Rojo, 41, told The Washington Post that he was using the strike not only to protest the decision about his own future in academia but to question the role of faculty members in the tenure process.

“What I’m trying to make the administration understand is, if in fact these decisions are primarily faculty decisions and the decision has been made overwhelmingly in my favor, then the nonconcurrence of the president should be relatively a minor blip,” Rojo said.

A Lafayette College spokesman issued a statement to The Post and said the college would not be commenting further on the case: “As we’ve previously stated, we were very concerned to learn from Professor Rojo that he had commenced a hunger strike in response to his recent tenure denial. We are of course not able to comment on the specifics of this case,” the statement said. “However, in this tenure case, as in all others, we followed our procedures as laid out in the college’s faculty handbook. We respect Professor Rojo’s right to disagree with the decision but hope he will express his views in a way that does not endanger his health.””

At least Lafayette is even trying to pretend to give a shit.

“Lafayette College president Alison Byerly denied his tenure, citing negative student evaluations Rojo had received in his upper-level courses. The board of trustees backed her up. Rojo said that “in many cases, students can confuse likability with ability” and it was unfair to use those evaluations as the basis for a tenure denial when his colleagues had overwhelmingly supported him.

“As you probably know, student evaluations can be very subjective,” he said. “In any course that one teaches, there’s likely to be at least one student that doesn’t respond well. There are definitely negative comments in my evaluations. I certainly don’t hide from them. … But those are not the only ways in which performance is evaluated.”

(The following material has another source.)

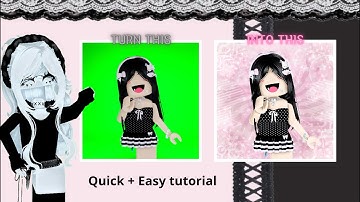 3 MINTUE TUTORIAL: HOW TO MAKE A GFX PROFILE PICTURE (EASY✅)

Rojo said he did not have significant interactions with Byerly before the tenure denial, aside from some faculty meetings in which he had voiced his displeasure regarding changes in their health-insurance premiums.”

Welp, there’s your answer, Juan. The few times you’ve met with the one person who can make or break your tenure, you publicly denounced one of her policies. I mean, have you never seen a mob movie? If the head of the family even gets a whiff of insurrection, he’ll turn everyone in the room into fish food. And I really don’t understand what a hunger strike might accomplish. Sure, it gets people talking about you, but they’re not saying anything nice. “Yeah, I mean, I hope he doesn’t hurt himself, but also we’re not changing our minds.” It’s like when people get all upset after they get dumped. “If you don’t take me back I’m going to cut my hand off and mail it to you so you can possess the part of me that was always there to pick you up when you fell!!” If anything, that just further proves how correct everyone was. You can’t have someone who refuses to eat after not getting what he wanted teaching a classroom. Then it teaches him that’s ok. Soon, he’ll be striking over everything. “May I suggest we add a gluten-free option to the faculty lunch menu?” “Yeah we’re not doing that.” “Well then you can take all these plastic forks and knives I keep in my desk because I won’t be needing them until I get my gluten free menu items.”